The Architectural Topographies project
An MFA Thesis Project, by Claudia Vieira
For me, geometry is poetry. The rectangle is a metaphor for empty space—enigmatic in its simplicity. I see it as what the Brazilian Spiral Room, Installation by Claudia Vieira artist Lygia Clark called empty-full. And, as a parallel to the concept of emptiness in Zen Buddhism. Art questions the nature and limits of the three-dimensional object and transcends physical presence to envelop vision, architecture and experience.
All of these ideas and more are expressed in my Architectural Topographies Project, completed during my graduate studies at Pratt Institute in Brooklyn. It includes large drawings on paper,a drawing installation where drawings were made directly on the walls, ceiling and floor of three rooms—one black, another black and white (Spiral Room) and the third, white)—plus a video projection of the process of making of the installation.
The project in the Spiral Room turned into a kind of drawing meditation—one that took three months to complete. It was done right after a three-week Kyol Che retreat last summer at Providence Zen Center. The work was all black and white, using only line charcoal and ink. Among other influences, it relates to Geronimus Bosch's painting, Garden of Earthly Delights (ca. 1500, Museo del Prado, Madrid), which is both a triptych and a metaphor for darkness and lightness, but mainly for real life's non-duality, where both actually interact.
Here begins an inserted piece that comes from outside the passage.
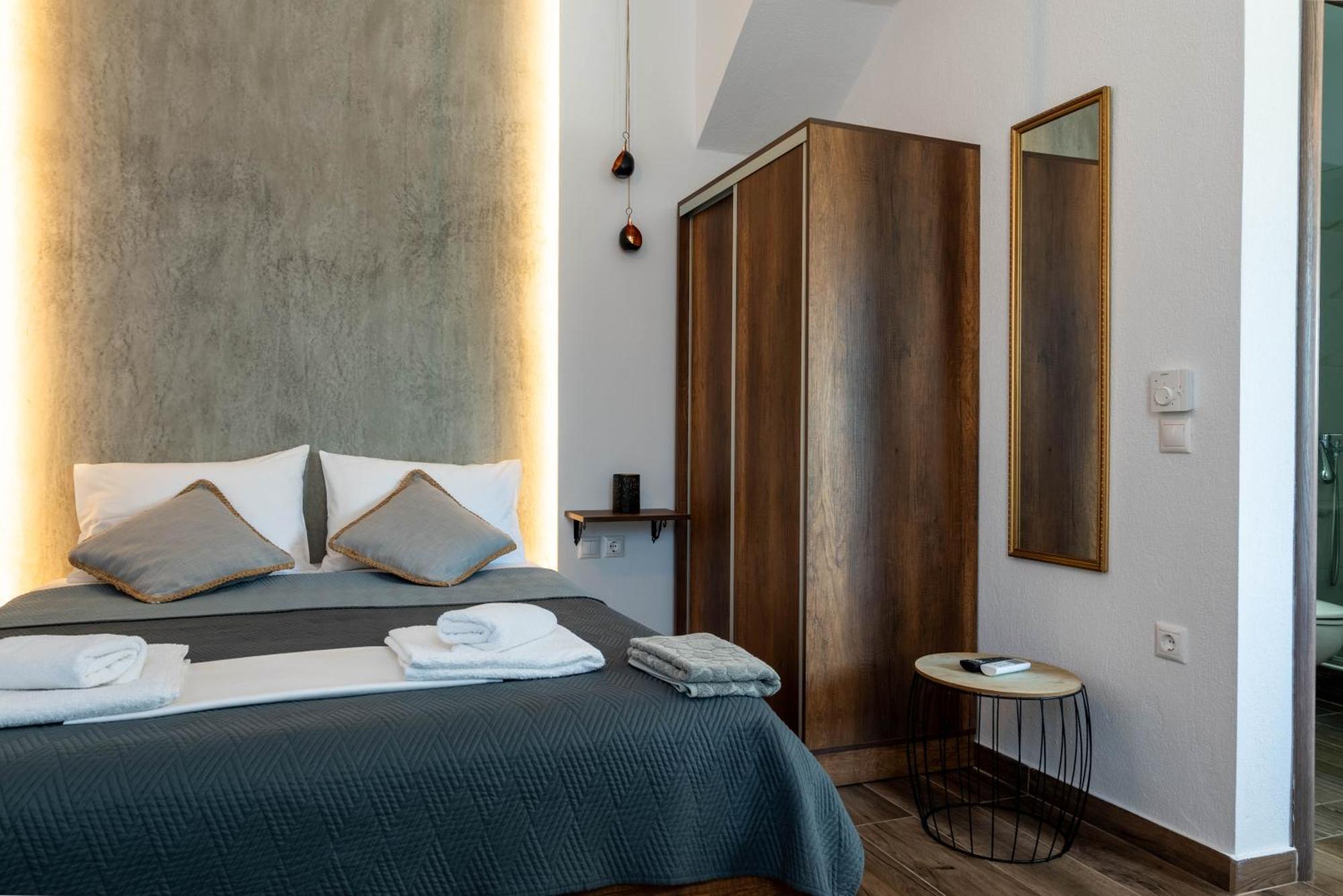 Aigli Luxury Studios Nea Roda Exterior photo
Drawing, as you might guess by now, is at the core of my practice. Its rigor and discipline function as a form of meditation, a concentration on an essential activity in which the credibility of the statement the artist is making is completely within his or her hands. Here, drawing is not an end product, but a process. One which reaches beyond the system of significance that is activated by the work and its interaction with the viewer that produces meaning. For me drawing is a medium for exploring, blurring and exploiting the dialectical separations between reality and imagination, visible and invisible, inside and outside, self and other.
Claudia’s project, her graduation thesis project for a Master of Fine Arts degree at Pratt Institute, was on display last December at the Institute.